Rival Japanese television makers Sony Corp and Panasonic Corp said Monday they will cooperate to make OLED (organic light emitting diode) sets as they battle Korean rivals Samsung Electronics and LG Electronics for pole position in the next-generation TV market.
The race to garner a lead in OLED, widely touted as the successor to liquid-crystal displays, will depend on which company is able to mass produce screens at a price that will attract consumers to the new technology.
Sony and Panasonic said in a statement they will develop technologies to fabricate the screens and aim to establish a mass-production process in 2013.
Both Samsung and LG Electronics have displayed 55-inch OLED prototypes, with the sets expected to go on sale this year at a rumored price tag of as much as $10,000, or about four times the cost of an equivalent LCD model.
An executive at LG Display, a flat-screen maker 38 percent owned by LG Electronics, told Reuters earlier an internal study indicated consumers would start buying OLED TVs once the price falls to 1.3 to 1.4 times that of an LCD set.

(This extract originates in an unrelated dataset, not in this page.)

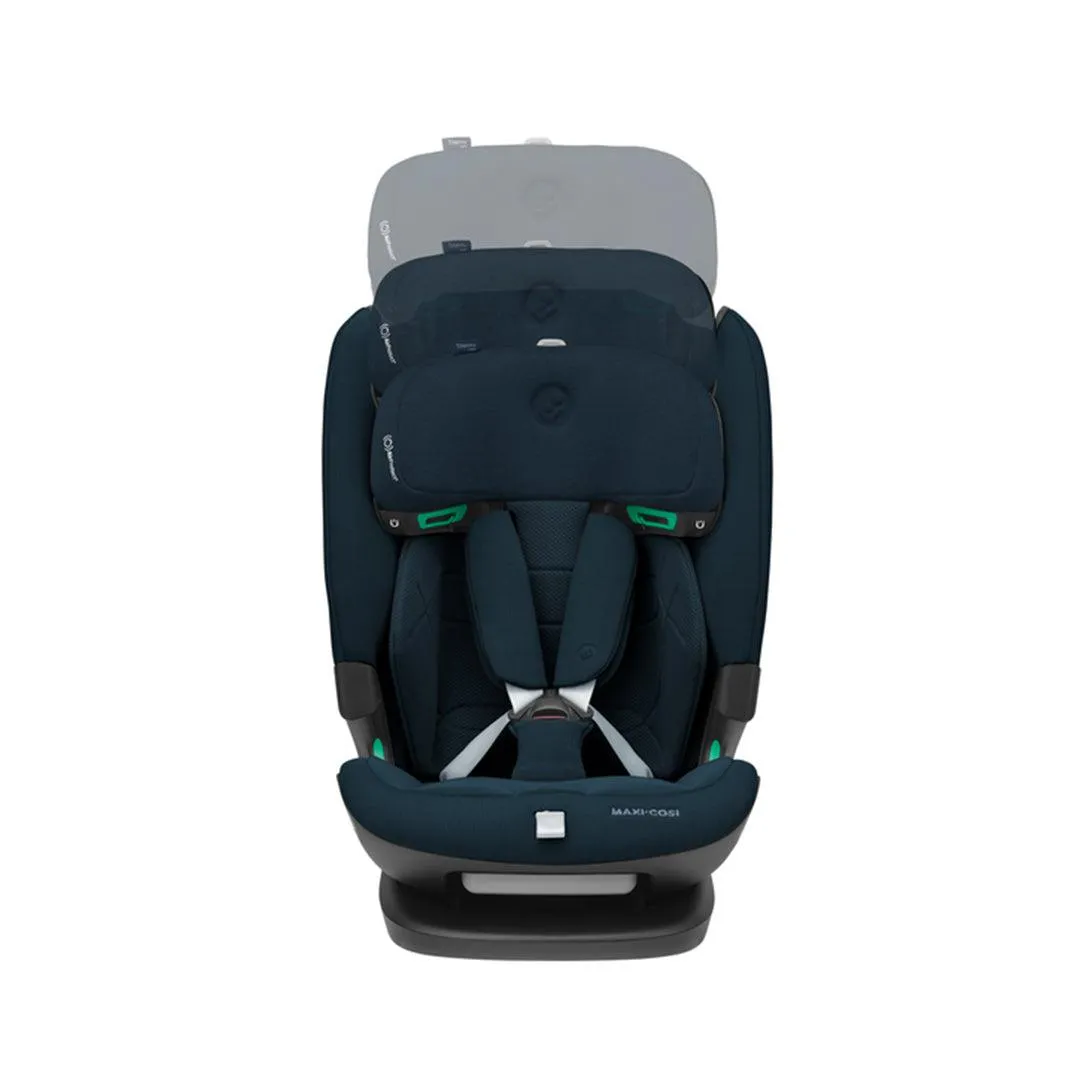 Maxi-Cosi Titan Pro i-Size Car Seat - Authentic Blue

Shipments of OLED TVs may reach 2.1 million sets in 2015 from just 34,000 this year, according to research firm IHS Inc.
Hammered by their Korean competitors in LCD TVs, Sony and Panasonic stand a better chance of competing in the next generation market by combining their OLED technologies and development budgets. Losses on TVs at Sony have mounted to around $12 billion in the past decade.
Sony pioneered OLED technology, which boast sharper images and do not need backlighting, selling the world’s first OLED TV in 2007. It halted production of the $2,000 screens three years later amid the post-Lehman global downturn. Sony still makes OLED screens costing as much as $26,000 for high-end customers.
Panasonic plans to invest about 30 billion yen ($373 million) in its Himeji plant in western Japan for a test production line of OLED panels, an industry source told Reuters last month.
Shares in Sony, which makes Bravia TVs, and Panasonic, which sells TVs under the Viera brand, fell in Tokyo on Monday. Sony dipped 2.4 percent with Panasonic down 0.6 percent.